10.) Honesty. If physical punishment has been a part of your parenting, removing that entirely from your parenting toolbox is a great start toward easing some of the anger, stress, and frustration that is fueling your child’s aggression. Being honest with your child about your own struggles with handling things physically as well as apologizing for using threats, intimidation, and physical pain to control them in the past will begin the healing process in your relationship.
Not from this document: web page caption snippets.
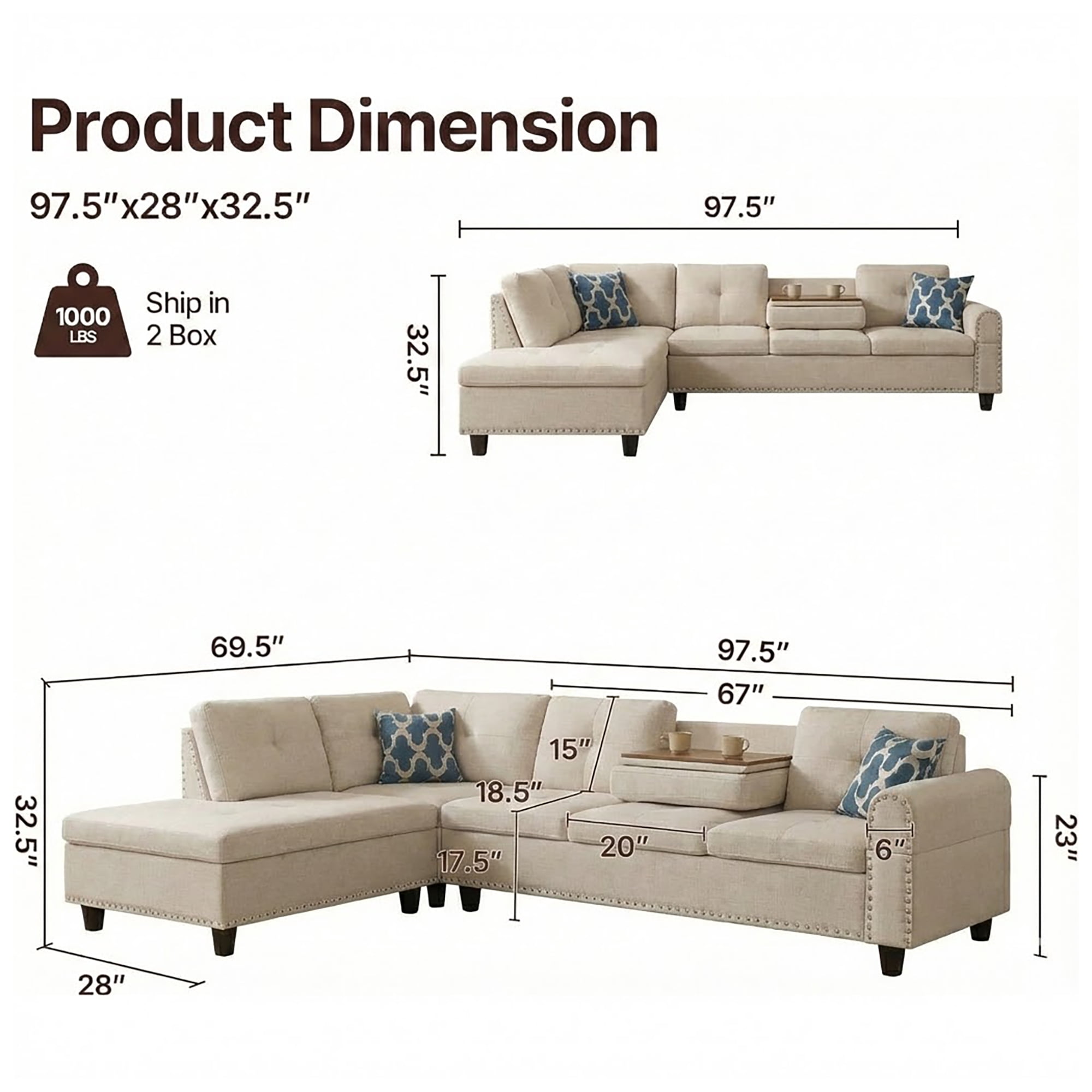 AENKYO 98" L-Shaped Upholstered Sectional Sofa Couch with Storage & Cup Holders, Faux Leather Living Room Sofa Set, Beige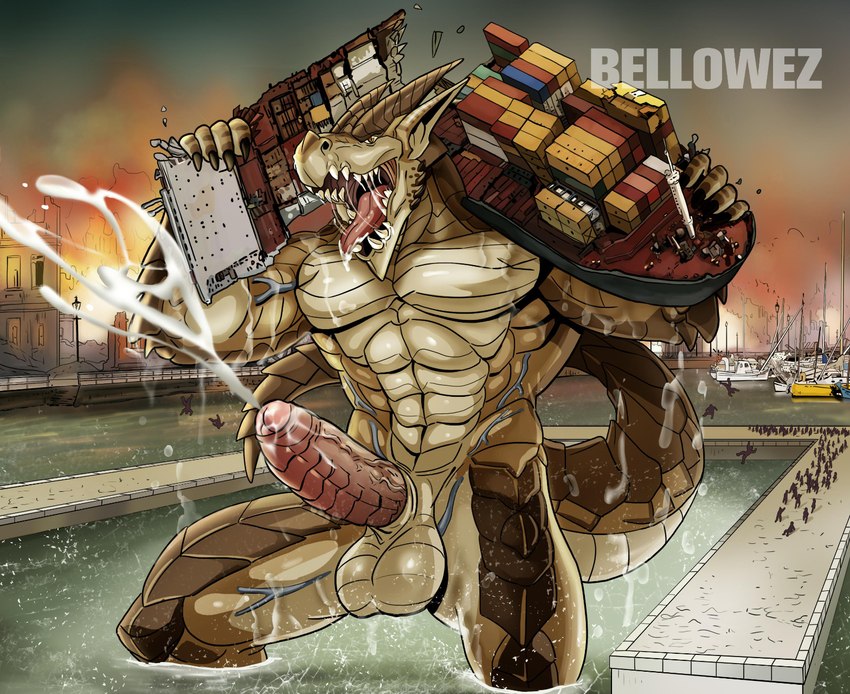 4_fingers anthro balls biceps biped bodily_fluids building building_destruction burning burning_building cargo_ship city city_background city_destruction cityscape claws crush crushed_vehicle cum cumshot destruction detailed_background ejaculation erection extreme_size_difference finger_claws fingers genital_fluids genitals harbor humanoid_genitalia humanoid_penis looking_at_viewer macro macro_anthro macro_male male merchant_ship muscular muscular_anthro muscular_male nude open_mouth orgasm outside pecs penile penis rampage roaring scaled_penis sea ship size_difference solo tail teeth tongue vehicle vehicle_destruction vein veiny_muscles veiny_penis water watercraft bellowez mythology brutus_(pyronite) dragon mythological_creature mythological_scalie scalie hi_res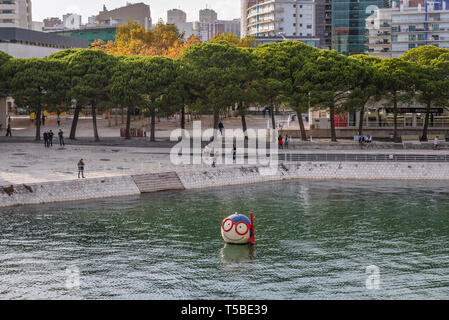 Vasco mascot in front of Oceanario de Lisboa in Parque das Nacoes in Lisbon, Portugal Stock Photo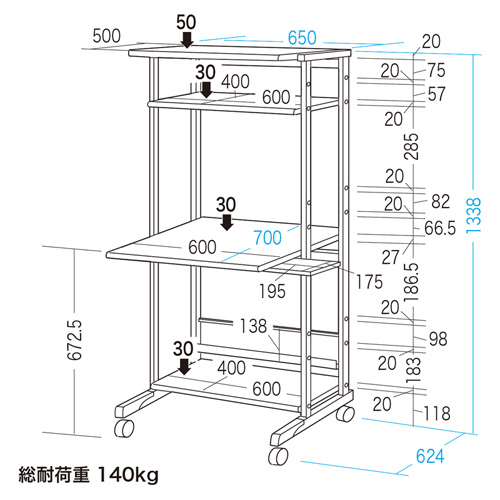 業務用パソコンラック(W650×D700×H1338mm・スチール製) / RAC-EC2SN2【デスクダイレクト】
Always try to keep in mind that behaviors are communication. Listening ‘between the lines’ to your child’s aggression will help you to discern whether your child’s behavior is communicating an unmet need such as hunger, a nap, or attention (Yes, attention is a valid need!) or if they are communicating a big emotion that they’re having trouble processing or if they are simply out of their depth and need an adult to help them handle a situation. Children are actually great communicators, just not necessarily verbally. It’s up to us adults to ‘listen’ carefully, empathetically, and calmly to our children’s behavior and then offer them our gentle guidance, wisdom, and support.
*Note: Frequent, out-of-control acts of aggression may be a sign of a deeper problem. If you suspect that your child may be suffering from trauma, autism, ADHD, health issues, or any other issues, be sure to consult with your pediatrician about your concerns.